**Entries shown:**

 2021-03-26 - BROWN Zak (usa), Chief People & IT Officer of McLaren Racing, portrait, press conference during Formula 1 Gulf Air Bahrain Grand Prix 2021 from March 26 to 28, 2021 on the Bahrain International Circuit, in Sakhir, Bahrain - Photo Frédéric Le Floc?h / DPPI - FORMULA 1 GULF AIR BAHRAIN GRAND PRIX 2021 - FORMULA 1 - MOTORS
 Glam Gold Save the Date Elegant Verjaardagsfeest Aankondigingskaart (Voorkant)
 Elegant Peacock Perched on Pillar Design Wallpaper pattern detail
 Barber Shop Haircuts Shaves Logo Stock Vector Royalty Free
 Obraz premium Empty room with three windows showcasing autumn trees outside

--

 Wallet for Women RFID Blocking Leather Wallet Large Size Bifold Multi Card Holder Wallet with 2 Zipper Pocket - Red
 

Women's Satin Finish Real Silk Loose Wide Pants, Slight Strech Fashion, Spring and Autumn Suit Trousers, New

==

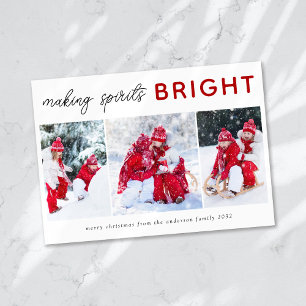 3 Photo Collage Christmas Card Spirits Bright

**Directions for this task:** Your task for the entries above: copy exactly the span starting with the line with "Wallet for Women" and going on through the line with "Women's Satin Finish", both lines included, and nothing else.

**Exercise output:**
 Wallet for Women RFID Blocking Leather Wallet Large Size Bifold Multi Card Holder Wallet with 2 Zipper Pocket - Red
 

Women's Satin Finish Real Silk Loose Wide Pants, Slight Strech Fashion, Spring and Autumn Suit Trousers, New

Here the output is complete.